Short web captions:
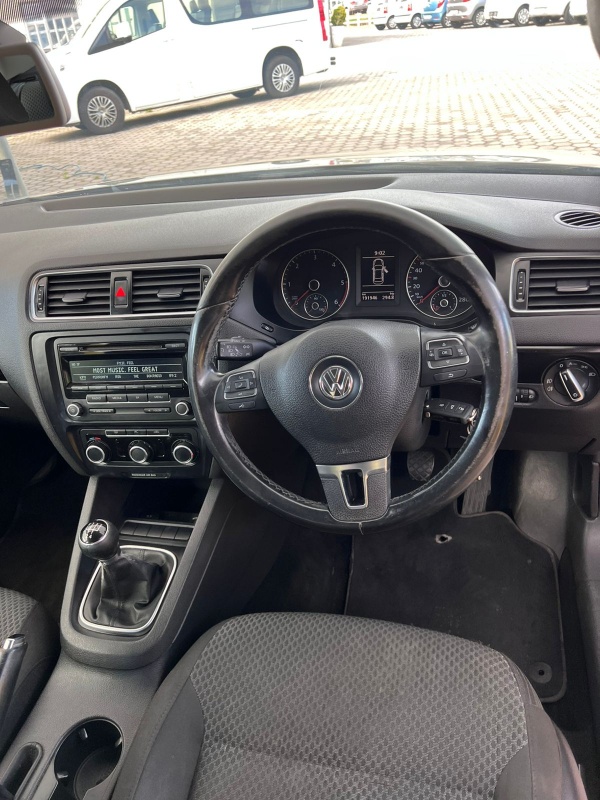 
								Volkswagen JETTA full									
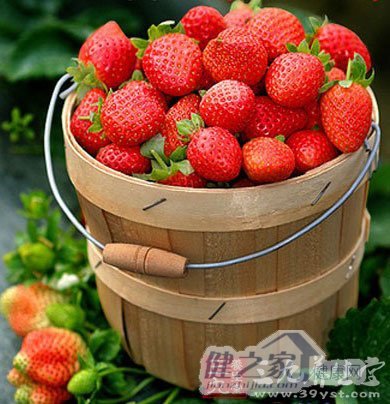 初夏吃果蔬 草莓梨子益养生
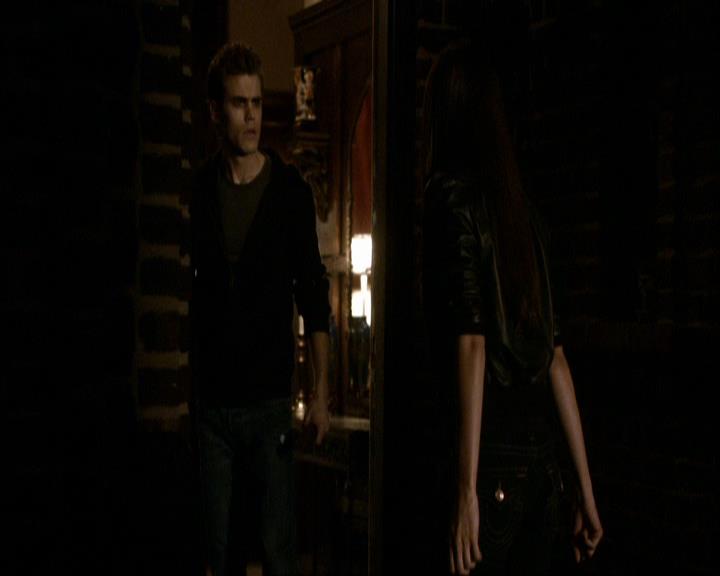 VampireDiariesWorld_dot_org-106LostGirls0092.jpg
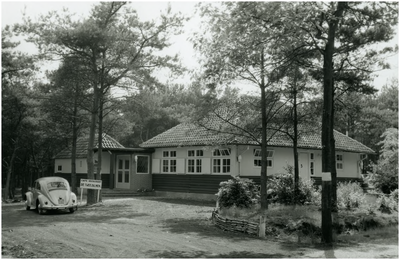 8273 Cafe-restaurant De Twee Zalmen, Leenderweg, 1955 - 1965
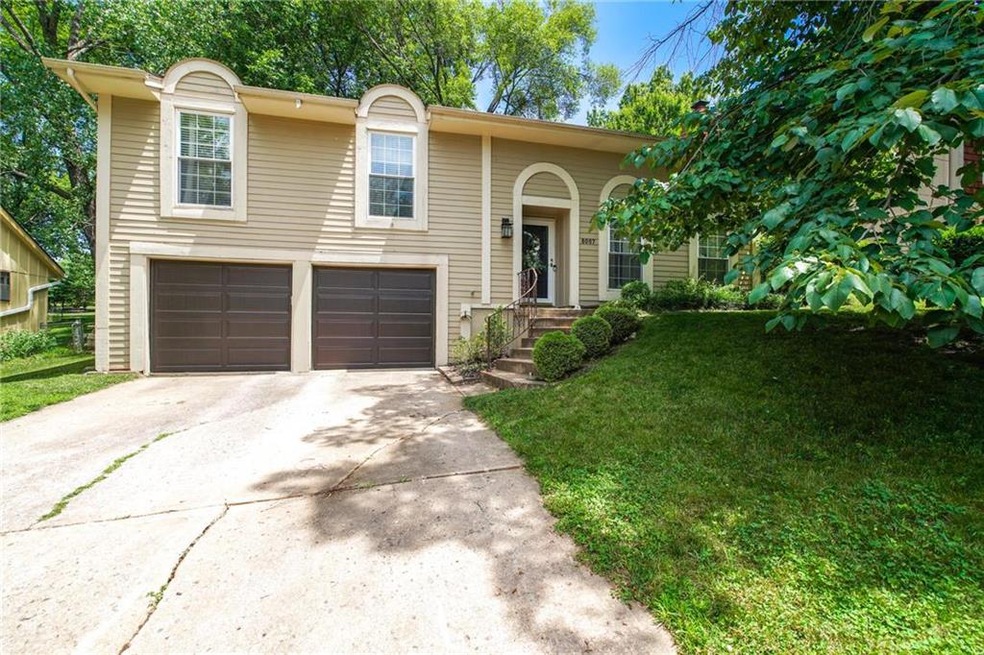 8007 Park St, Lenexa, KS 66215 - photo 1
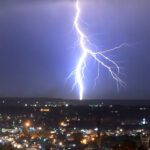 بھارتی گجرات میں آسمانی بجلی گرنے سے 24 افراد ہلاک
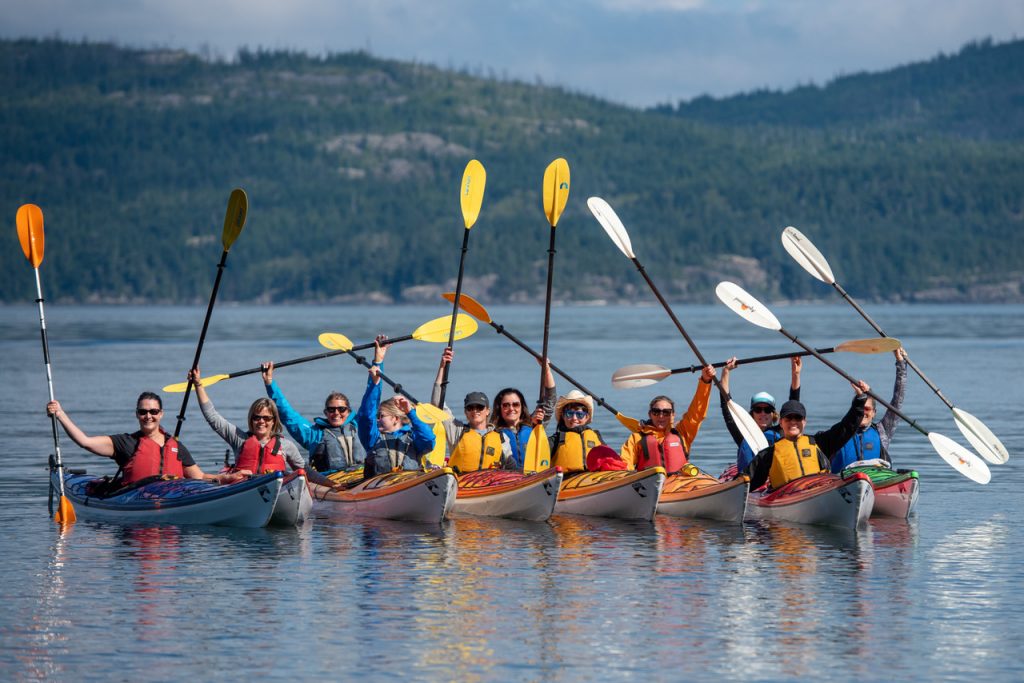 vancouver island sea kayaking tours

#### WORK TO COMPLETE:
Could you copy the data above exactly, leaving the pictures out?

#### EXERCISE RESPONSE:
								Volkswagen JETTA full									
 初夏吃果蔬 草莓梨子益养生
 VampireDiariesWorld_dot_org-106LostGirls0092.jpg
 8273 Cafe-restaurant De Twee Zalmen, Leenderweg, 1955 - 1965
 8007 Park St, Lenexa, KS 66215 - photo 1
 بھارتی گجرات میں آسمانی بجلی گرنے سے 24 افراد ہلاک
 vancouver island sea kayaking tours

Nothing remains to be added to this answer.